→ **Task requirements**
After locating the line that holds "Isuzu Trooper Manual", repeat it and each following line exactly until the material ends, skipping pictures.

→ **Study material**
.....

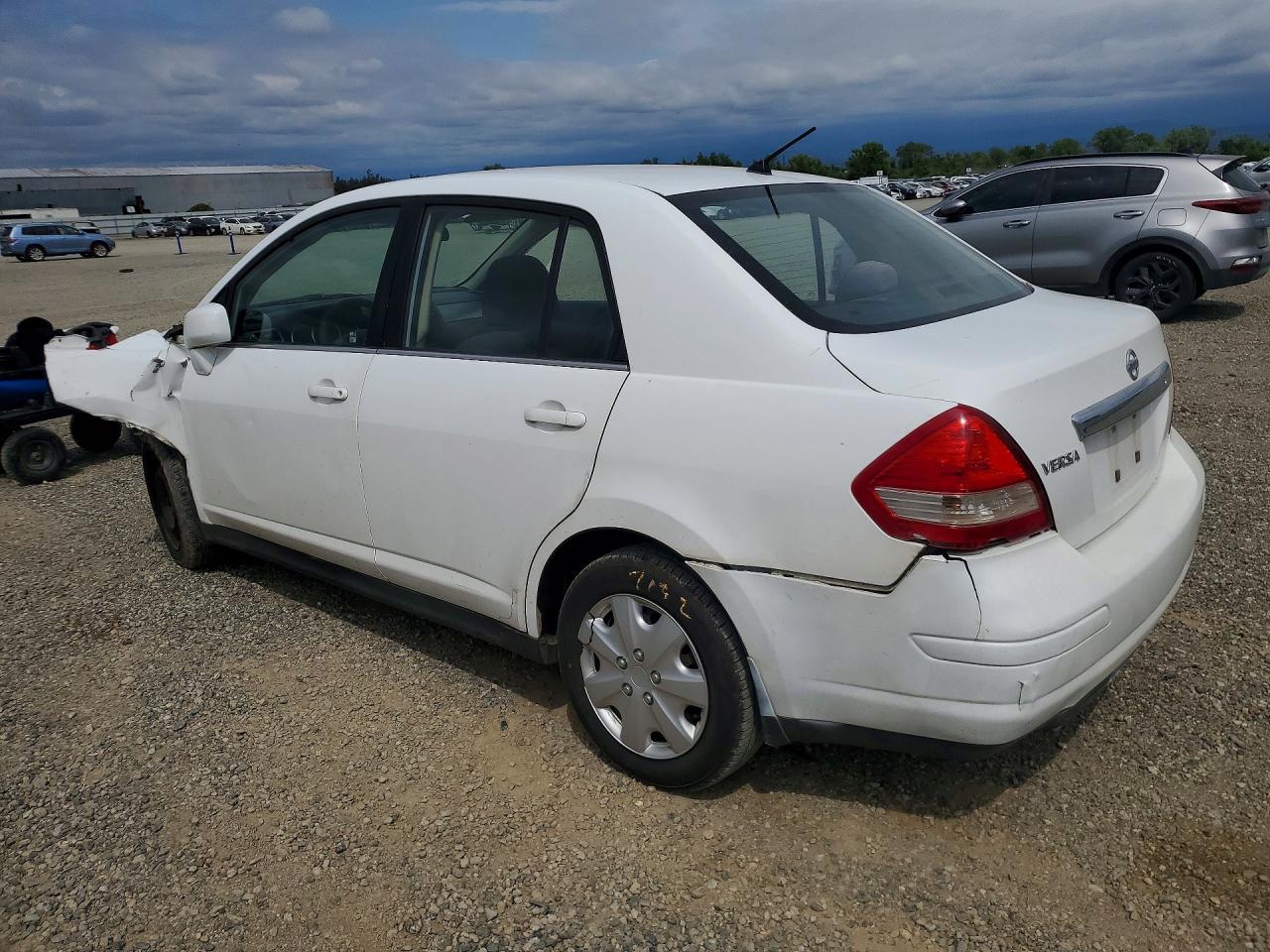 2008 Nissan Versa VIN 3N1BC11E08L389840 photo 2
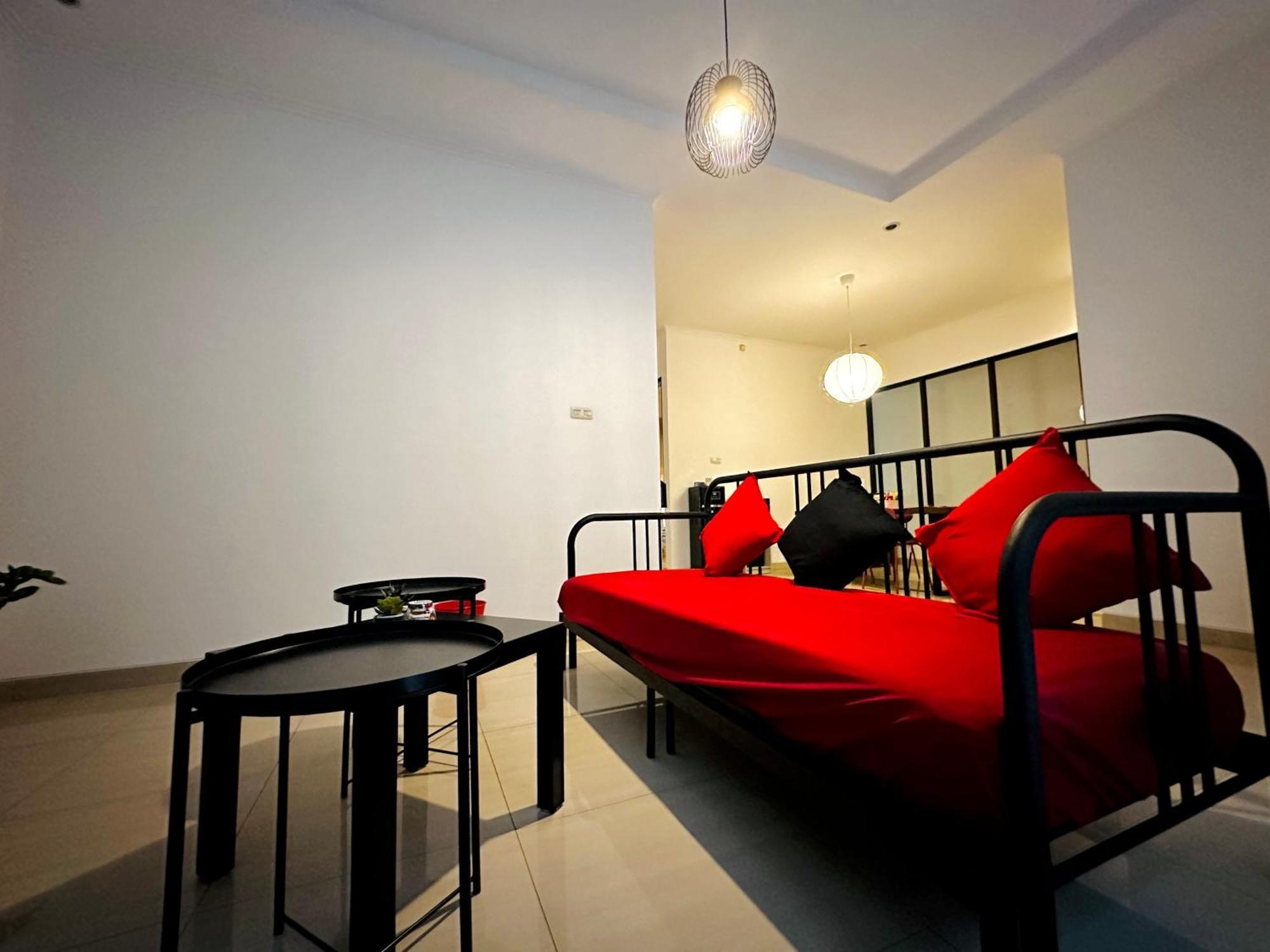 4-Bedroom Home In South Jakarta Nuansa Swadarma Residence By Le Ciel Hospitality Exterior foto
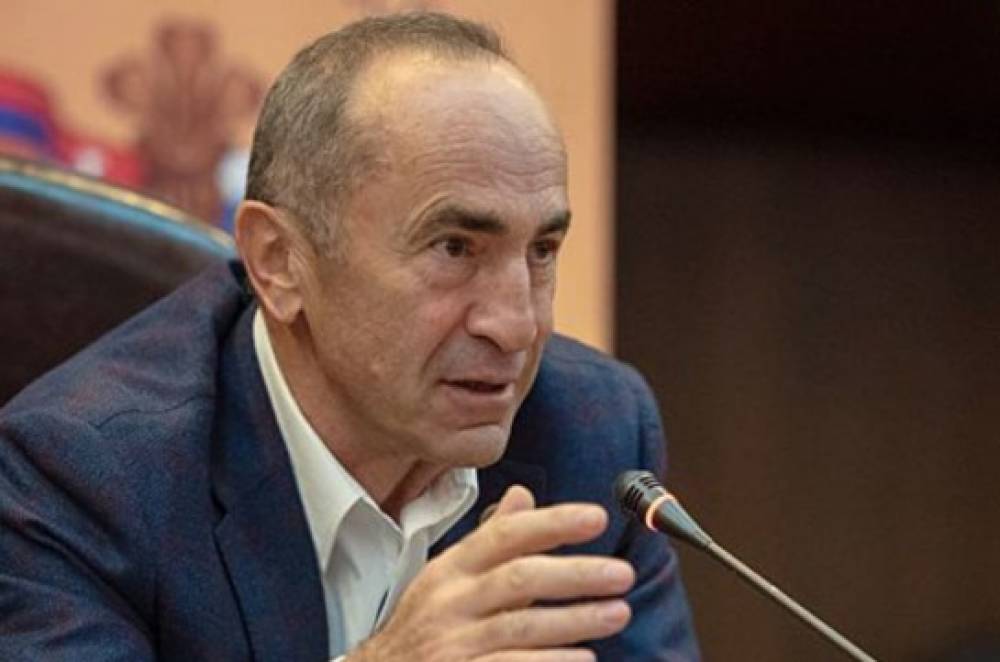 Ակնհայտ է, որ ստապետությունն ինչ-որ տեղ սկսել է «յուղ վառել». որոշեցի վարչապետին իր ընտրազանգվածի հետ մենակ թողնել. Քոչարյան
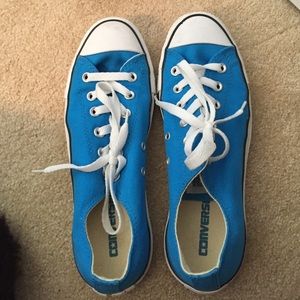 Blue converse all stars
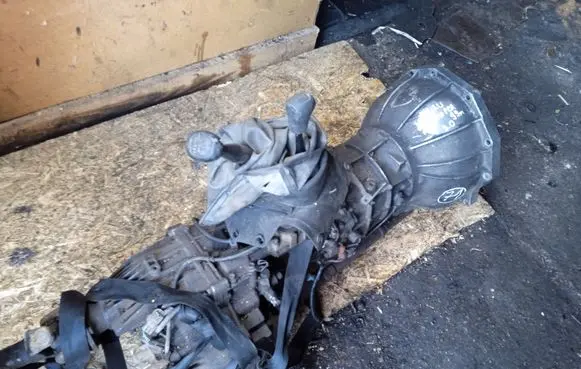 Isuzu Trooper Manual 5 speed gearbox 8971748520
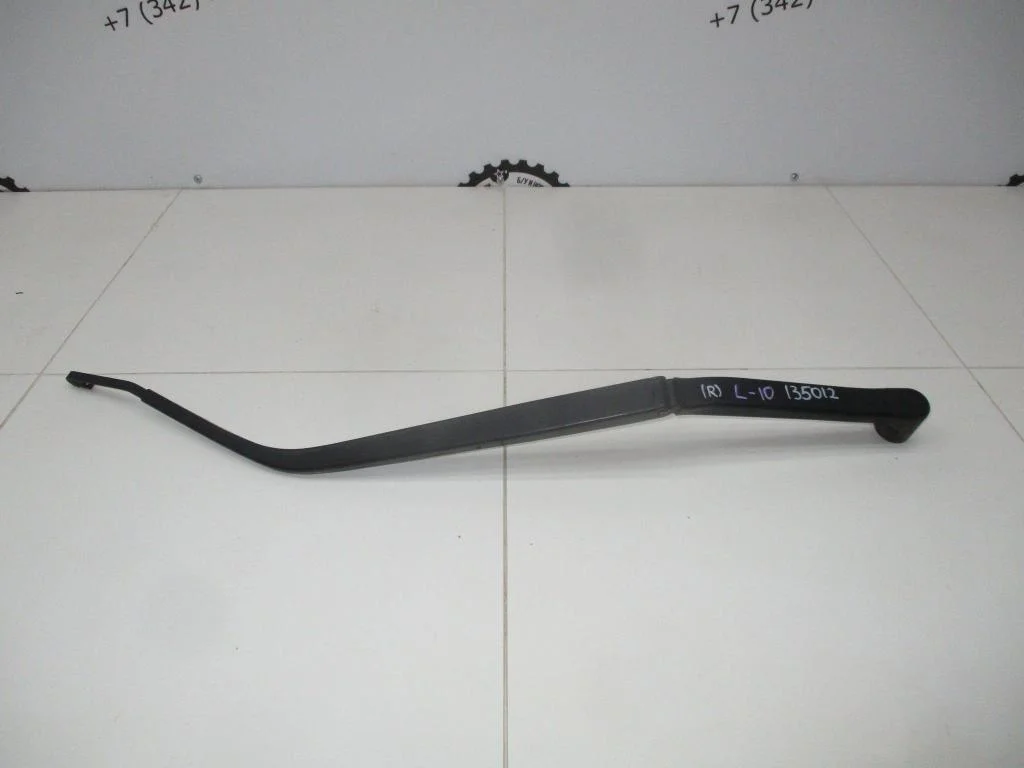 Поводок стеклоочистителя передний левый Mitsubishi Lancer 10 2008 (CY)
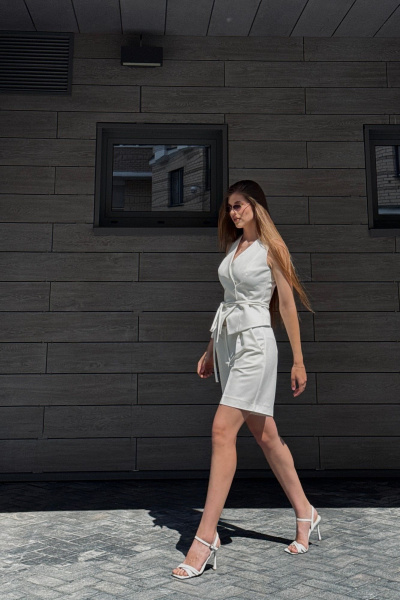 Жилет DNM 039 молочный - фото 4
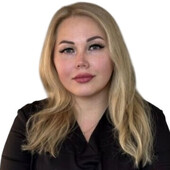 Буслаева Алена Сергеевна — стоматолог, стоматолог-терапевт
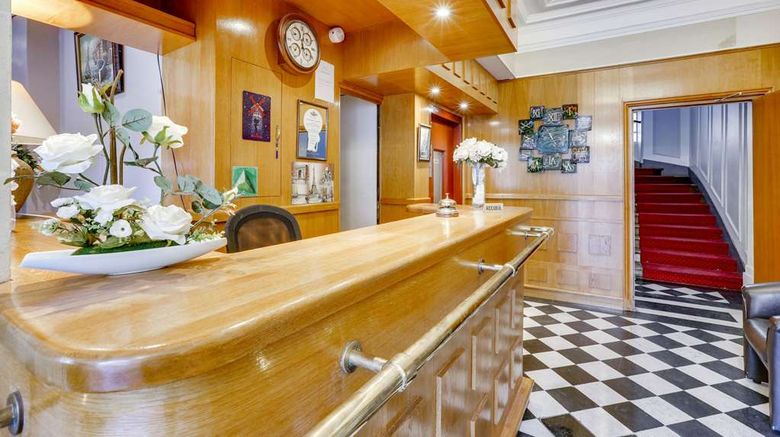 <b>Hotel du Square d'Anvers Lobby</b>. Images powered by <a href="https://iceportal.shijigroup.com/" title="IcePortal" target="_blank">IcePortal</a>.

.....

→ **Answer for this exercise**
 Isuzu Trooper Manual 5 speed gearbox 8971748520
 Поводок стеклоочистителя передний левый Mitsubishi Lancer 10 2008 (CY)
 Жилет DNM 039 молочный - фото 4
 Буслаева Алена Сергеевна — стоматолог, стоматолог-терапевт
 <b>Hotel du Square d'Anvers Lobby</b>. Images powered by <a href="https://iceportal.shijigroup.com/" title="IcePortal" target="_blank">IcePortal</a>.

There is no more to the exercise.